What the task asks
The entries below are to be written out exactly, with no images included.

Information
##############################
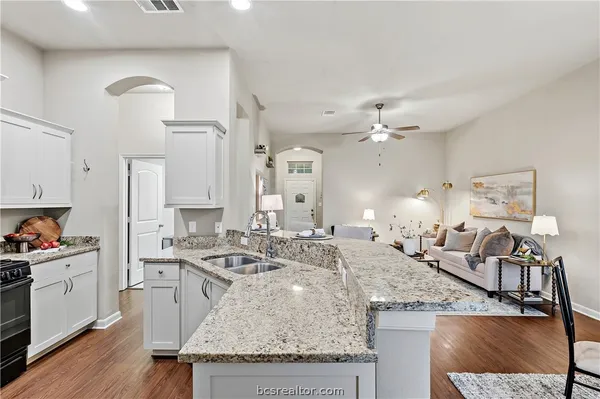 $276,900 | 3047 Positano Loop, Bryan, TX 77808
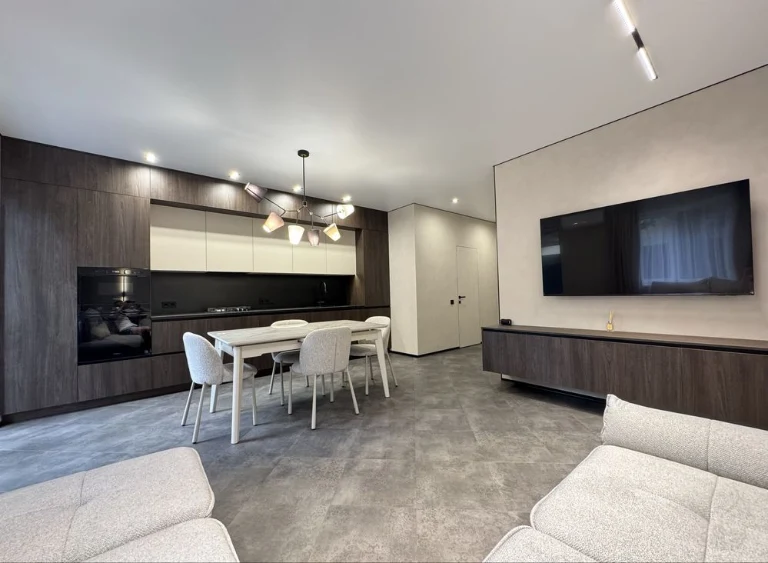 Будинок з НОВИМ‼️ дизайнерським ремонтом. Три поверхи, якісн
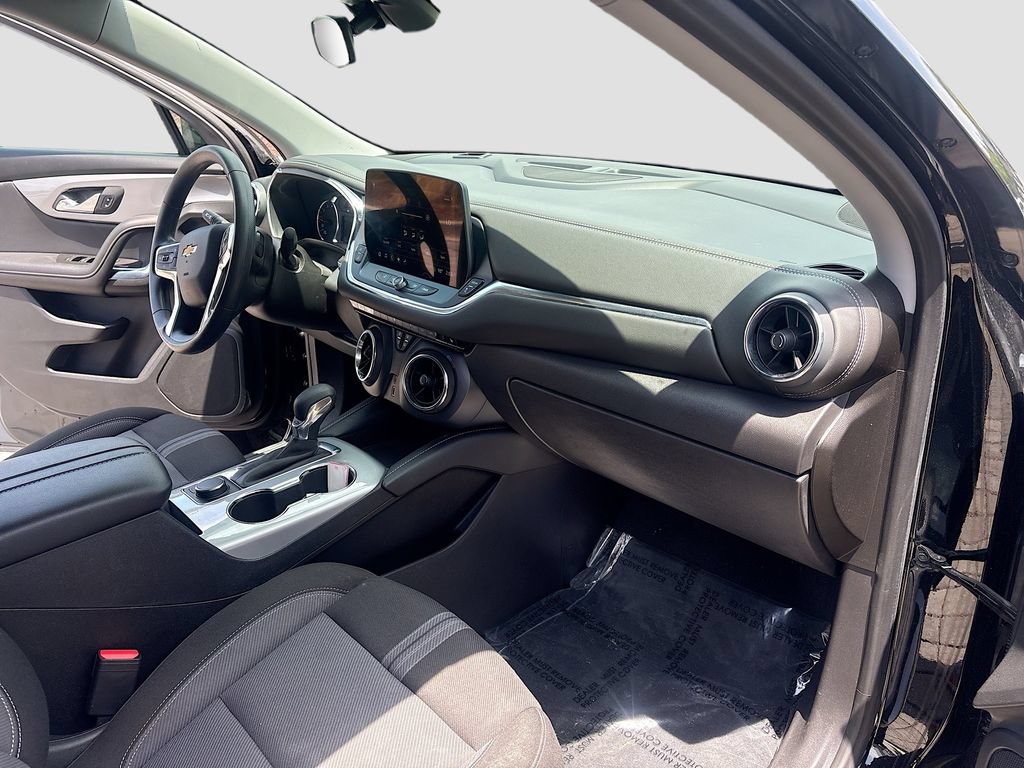 Used 2025 Chevrolet Blazer LT FWD image 29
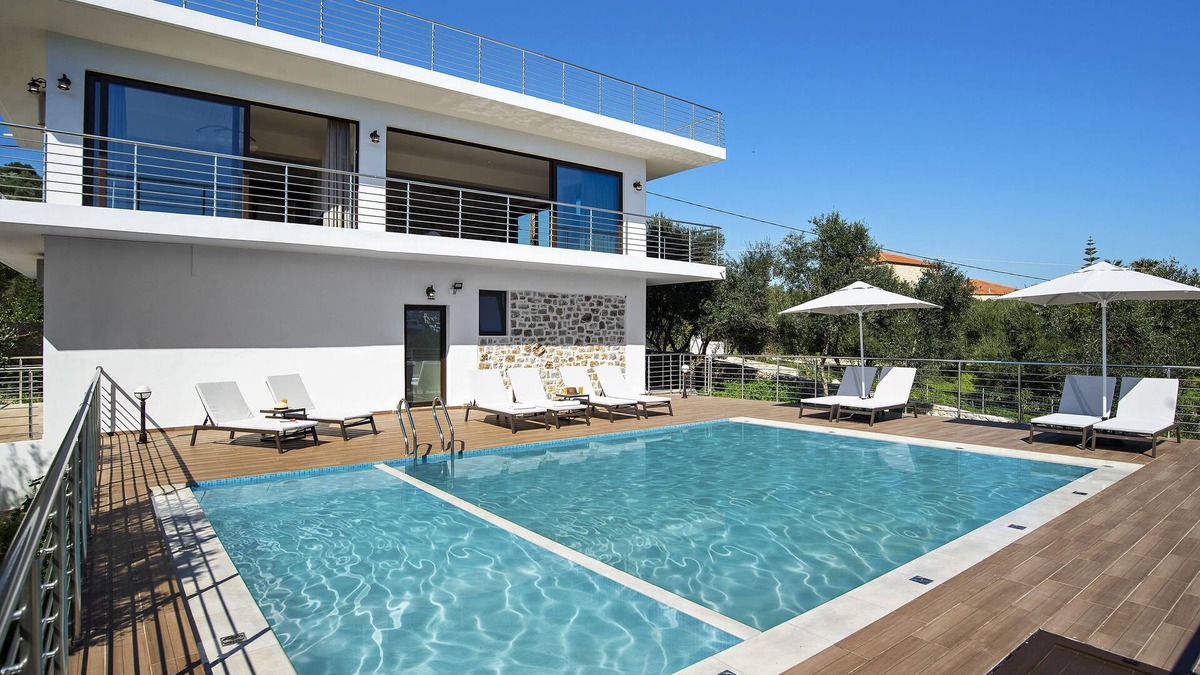 Kalyves Villa | Kera Green Private Villa with heated salt water pool.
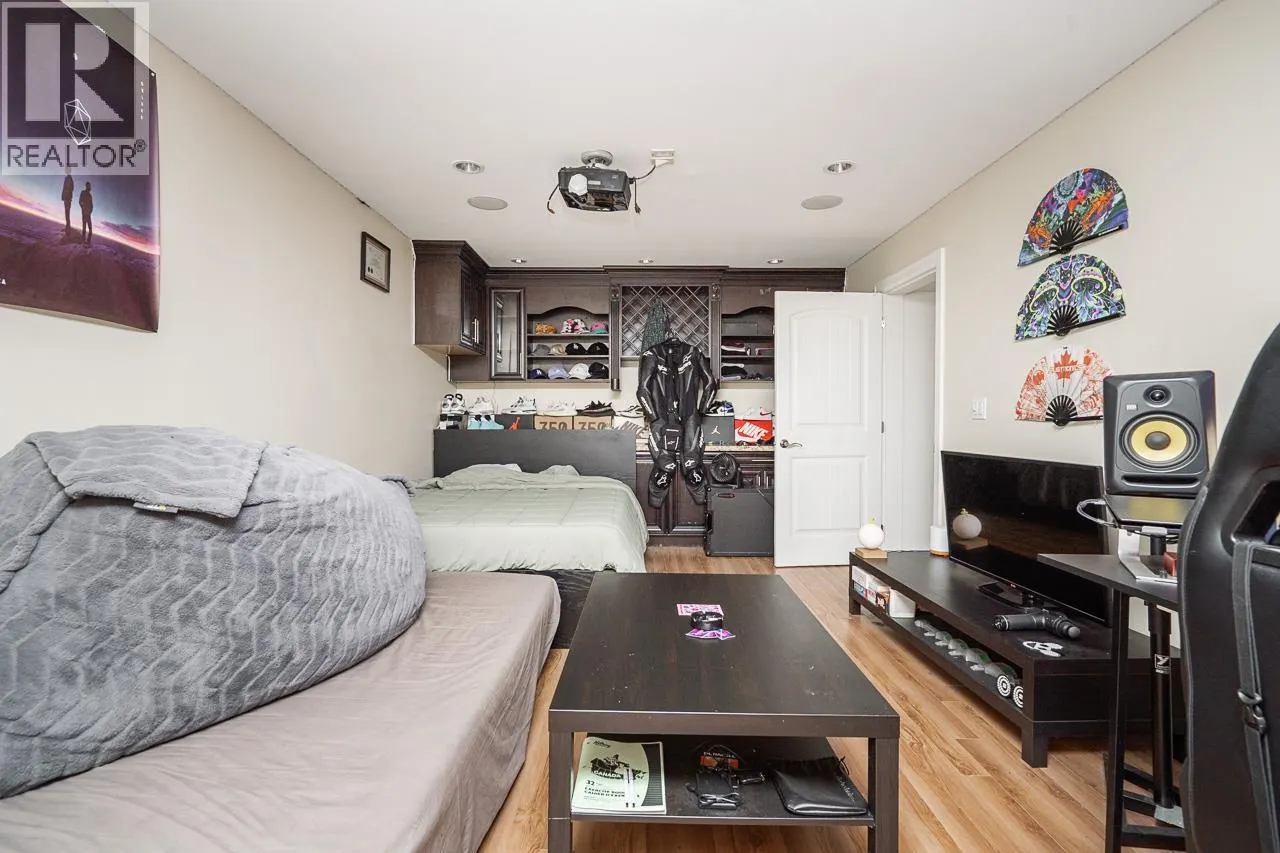 7035 6TH STREET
##############################
Output of the task
 $276,900 | 3047 Positano Loop, Bryan, TX 77808
 Будинок з НОВИМ‼️ дизайнерським ремонтом. Три поверхи, якісн
 Used 2025 Chevrolet Blazer LT FWD image 29
 Kalyves Villa | Kera Green Private Villa with heated salt water pool.
 7035 6TH STREET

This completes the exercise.